Flower Power Project: Phase 2

End of July – mid September 2009: Project Development

Planning and making

1) Flower Power Cluster
I had made a number of small digital prints of the Flower Power print and had tried various ways of clustering them to create a large composite image. These had an ‘op art’ effect in causing the viewer to see different combinations as clusters of three or four and something of a meditative mandala feel. I decided to make a large version and worked out that it would have to be more than two metres in each dimension to include enough separate flower clusters to be interesting as a composite image. I thought that this would be very difficult to manage as paper, so decided to try it with canvas and to approach it something like making a large painting.

I ordered a large roll of primed canvas, choosing a smooth surface to take the print and a lightweight general purpose canvas to keep the overall weight down. At first, I thought I would use the process that I had used for the Flower Power print, making a silkscreen print in acrylic and overprinting with the woodcut relief using an oil-based ink. I was worried on several counts; firstly that the oil-based ink takes some time to dry and I didn’t want to use a water-based ink on the wood block in case it warped, secondly that the relief print is quite time- consuming to ink and print, and thirdly that I didn’t know if screenprint would work on primed canvas in a similar way to printing on paper. From the small scale trials I knew that I would need at least 19 prints.

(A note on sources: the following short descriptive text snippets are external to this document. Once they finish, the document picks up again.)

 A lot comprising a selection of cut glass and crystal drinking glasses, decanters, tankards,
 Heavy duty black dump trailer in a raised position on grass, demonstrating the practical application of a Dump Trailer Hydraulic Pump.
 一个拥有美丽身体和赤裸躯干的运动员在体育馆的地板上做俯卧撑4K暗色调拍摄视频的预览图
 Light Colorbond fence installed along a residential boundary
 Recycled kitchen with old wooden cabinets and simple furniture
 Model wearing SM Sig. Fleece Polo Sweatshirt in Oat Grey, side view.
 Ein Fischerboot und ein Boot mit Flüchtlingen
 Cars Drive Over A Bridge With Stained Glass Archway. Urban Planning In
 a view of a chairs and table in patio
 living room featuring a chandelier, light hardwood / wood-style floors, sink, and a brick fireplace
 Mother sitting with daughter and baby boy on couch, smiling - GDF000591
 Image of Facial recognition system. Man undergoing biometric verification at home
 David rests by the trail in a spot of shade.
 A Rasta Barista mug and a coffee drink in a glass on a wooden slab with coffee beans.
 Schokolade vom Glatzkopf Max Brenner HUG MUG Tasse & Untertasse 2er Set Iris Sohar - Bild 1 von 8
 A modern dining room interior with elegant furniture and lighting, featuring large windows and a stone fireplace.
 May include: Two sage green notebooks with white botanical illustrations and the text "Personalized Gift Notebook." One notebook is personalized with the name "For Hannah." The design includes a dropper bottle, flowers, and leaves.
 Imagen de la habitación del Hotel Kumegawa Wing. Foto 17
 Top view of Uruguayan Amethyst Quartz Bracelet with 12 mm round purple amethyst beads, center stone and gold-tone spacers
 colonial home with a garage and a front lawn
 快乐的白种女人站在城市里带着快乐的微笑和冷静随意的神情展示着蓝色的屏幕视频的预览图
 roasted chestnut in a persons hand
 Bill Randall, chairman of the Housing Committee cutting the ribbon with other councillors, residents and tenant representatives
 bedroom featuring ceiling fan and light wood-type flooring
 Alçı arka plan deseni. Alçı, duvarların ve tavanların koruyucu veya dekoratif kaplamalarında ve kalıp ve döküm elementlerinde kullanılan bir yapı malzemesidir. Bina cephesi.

I decided to make them as screenprints so that the image would be in acrylic on canvas, allowing me to paint over or around if I wanted to later, and also because it should be quicker to achieve. So I cut the canvas into squares big enough for the full size print. I found the canvas rather fragile, with a tendency to crease easily. I made a relief print from the wooden plate in oil-based black ink onto transparent acetate and left it to dry, ready to prepare a screen using the photopolymer.

Using the same screen and ink as I’d used for the Flower Power print, I tested screenprinting on an off-cut of canvas and found it took it well but the canvas had a tendency to stick to the screen, so needed the vacuum on. Then I printed 21 orange line drawings and laid each flat to dry – I needed the whole print room to myself to have space! I prepared the screen for the larger woodcut image – it fitted on the screen with about an inch clear on each side, so I thought it would be alright. In practice, I found that the edges close to the frame tended to blur and sometimes flooded onto the print. This might have been because the pressure of the blade was slightly less at the sides, or because the screen made contact less successfully there – anyway, I kept printing and cleaning up the screen to do all 21, although two were quite badly damaged. I thought that much of the damage would be lost in cutting out the print, which I intended to do to mount it onto a large sheet of canvas. This all took several days, but once dried, I cut out the prints and laid them onto a large sheet of canvas on the studio floor.

I had cut the canvas backing and stapled a deep hem at top and bottom, so that there would be room to slot in a pole to hang it all up like a banner. I used the acrylic printing ink to touch up areas of the print that had smudged a bit, but quite liked the irregularity and unevenness in each image. I found that it was important to turn each round a little when laying them against each other, because it read as a repetitive pattern rather than a counterpoint of different types of relationships, which was much more interesting. If they all touched each other there was also a rather mechanical pattern, but with each print not touching another there was a much more interesting networking relationship. I worried a bit about what sort of impact the weave of the canvas might have.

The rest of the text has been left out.